I disagree - I have a little 1.25 57 plate Fiesta and it runs better on V Power with much improved mpg. It pays for itself in the extra mile per tank versus cost around town and is about 15-20% better on mpg on long runs easily paying for itself and more so why not use it


----------



## DJ X-Ray (Sep 2, 2012)

It's definetly doing something.I drive from london to esher,surrey everyday to work,with a fair bit of sitting in traffic and i get more mpg in my daily driver,and it's alot smoother drive.


----------



## iPlod999 (Jun 23, 2012)

Filled up the 205 this morning. 

I've not got a fuel computer to tell what average I have. 

So I rest the trip. . 

Normally get 250 miles out of a full tank until the light comes on. I'll see what happens.


----------



## Z4-35i (Jun 12, 2012)

I agree on the smoother running with V power. I normally always fill up with V power, but when I got in the car the other day, I found out SWMBO had been shopping and left an indicated 4 miles left in the tank. Had to fill up at the local Sainsbury's with standard unleaded and I've noticed that the pick up isn't as smooth as it normally is.


----------



## VW Golf-Fan (Aug 3, 2010)

Was a bit doubtful at first if it was just a rebranded gimmick of the 'old' V-Power, anyway full tanked my car with it last week (unleaded.)

Haven't really noticed any great improvement/effect on the performance of the car (yet) but the consumption/mpg is verrrry good.

Driving round town I was getting around 41-44mpg as opposed to 32-34mpg with Morrisons unleaded.

After a drive on the motorway I was averaging around 50-55mpg (unleaded remember!) crusing at 65mph with cruise control on!
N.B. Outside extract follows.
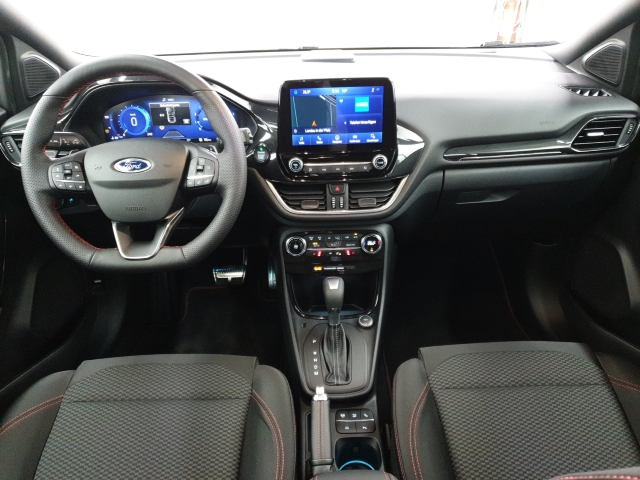 ford puma keyless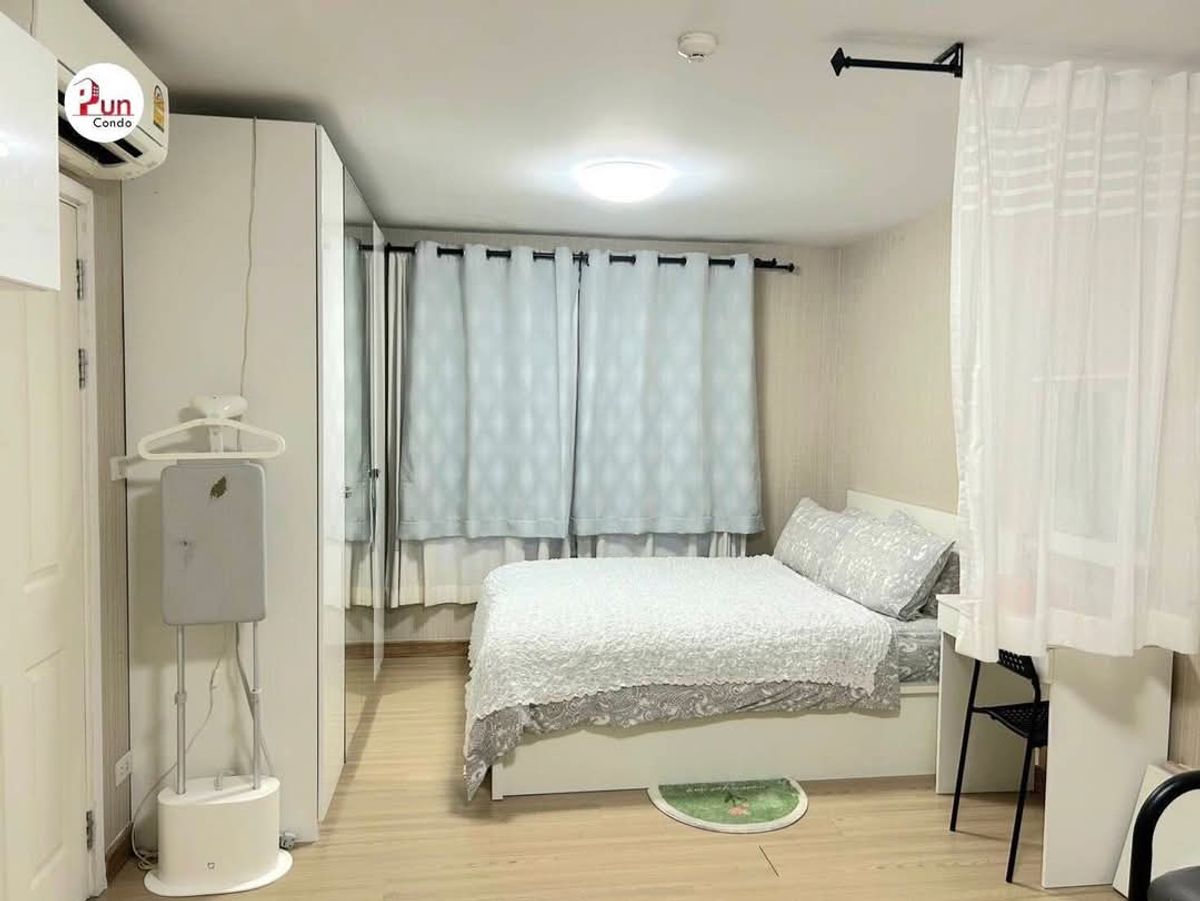 ขายคอนโดปทุมธานี รังสิต ธรรมศาสตร์ : 📢P.ขาย Plum condo phaholyothin 89 ห้องสวย ใกล้ม.รังสิต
Got around 470miles to a full tank as opposed to 440 with Morrisons fuel.

Anyone else tried this yet & if so did you find any diffference in performance & consumption?


----------



## shane_ctr (Dec 17, 2006)

I always use v power in the impreza, I filled up with the new nitro stuff and I have to say the car feels smoother and I've also got a nice little pop on gear changes when giving it a little bit of the loud pedal, I've never had that with v power


----------



## G.P (Dec 13, 2011)

VW Golf-Fan said:


> Driving round town I was getting around 41-44mpg as opposed to 32-34mpg with Morrisons unleaded.
> 
> After a drive on the motorway I was averaging around 50-55mpg (unleaded remember!) crusing at 65mph with cruise control on! Got around 470miles to a full tank as opposed to 440 with Morrisons fuel.


What cc engine?


----------



## VW Golf-Fan (Aug 3, 2010)

G.P said:


> What cc engine?


1.4 TSI (122 bhp).


----------



## jonnyboyctr (Nov 7, 2012)

Tryed some in my civic type r and it realy didnt like it, vtec change up was slugish. Didnt realy notice any extra mpg. Put a tank of sainsburys cheap stuff and the car felt much better. Was a bit surprised at this?
Maybe its better suited to turbos or larger displacement engines?


----------



## TubbyTwo (Apr 14, 2011)

jonnyboyctr said:


> Tryed some in my civic type r and it realy didnt like it, vtec change up was slugish. Didnt realy notice any extra mpg. Put a tank of sainsburys cheap stuff and the car felt much better. Was a bit surprised at this?
> Maybe its better suited to turbos or larger displacement engines?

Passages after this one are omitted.